Mit ihrer Beschwerde wendet sich die Staatsanwaltschaft gegen die Außervollzugsetzung des Haftbefehls. Das OLG ordnete daraufhin die Untersuchungshaft bis zur Rechtskraft des Urteils zur Sicherung der Vollstreckung an. Der Beschluss ist nicht anfechtbar.

Die Gründe:
Es liegen sowohl ein dringender Tatverdacht als auch der Haftgrund der Fluchtgefahr vor.

Der dringende Tatverdacht des Betrugs und der vorsätzlichen Geldwäsche ergibt sich bereits aus den Einschätzungen des LG, an die das OLG gebunden ist. Es liegt zudem der Haftgrund der Fluchtgefahr vor. Diese ist anzunehmen, wenn die Würdigung der konkreten Umstände des Falles es wahrscheinlicher macht, dass der Angeklagte sich dem Verfahren entzieht, als dass er sich zur Durchführung des Verfahrens zur Verfügung hält.
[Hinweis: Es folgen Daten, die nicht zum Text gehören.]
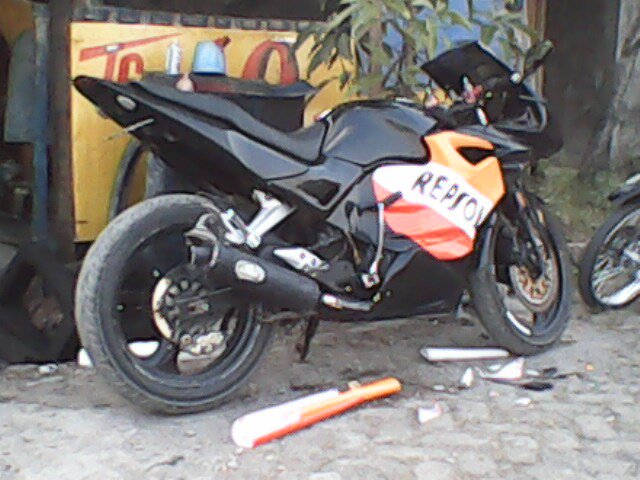 Modifikasi Honda GL repsol wanna be - cxrider.com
Hier bietet allein die unter Berücksichtigung der Untersuchungshaft noch zu vollstreckende Restfreiheitsstrafe von drei Jahren und sechs Monaten einen erheblichen Fluchtanreiz. Dazu kommt, dass der Verbleib von 140 Mio. € aus der Tatbeute ungeklärt geblieben ist und nach den Angaben des LG Vermögenswerte in erheblichem Umfang in die Türkei transferiert worden sind. Das betrügerische Geschäftsmodell weist erhebliche Verbindungen zur und in die Türkei auf. Der Angeklagte, der selbst türkischer Staatsangehöriger ist, sieht sich zudem Schadensersatzforderungen in dreistelliger Millionenhöhe ausgesetzt. Er ist jederzeit in der Lage, sich in die Türkei abzusetzen. Aus der Türkei kommt eine Auslieferung wieder nach Deutschland nicht in Betracht.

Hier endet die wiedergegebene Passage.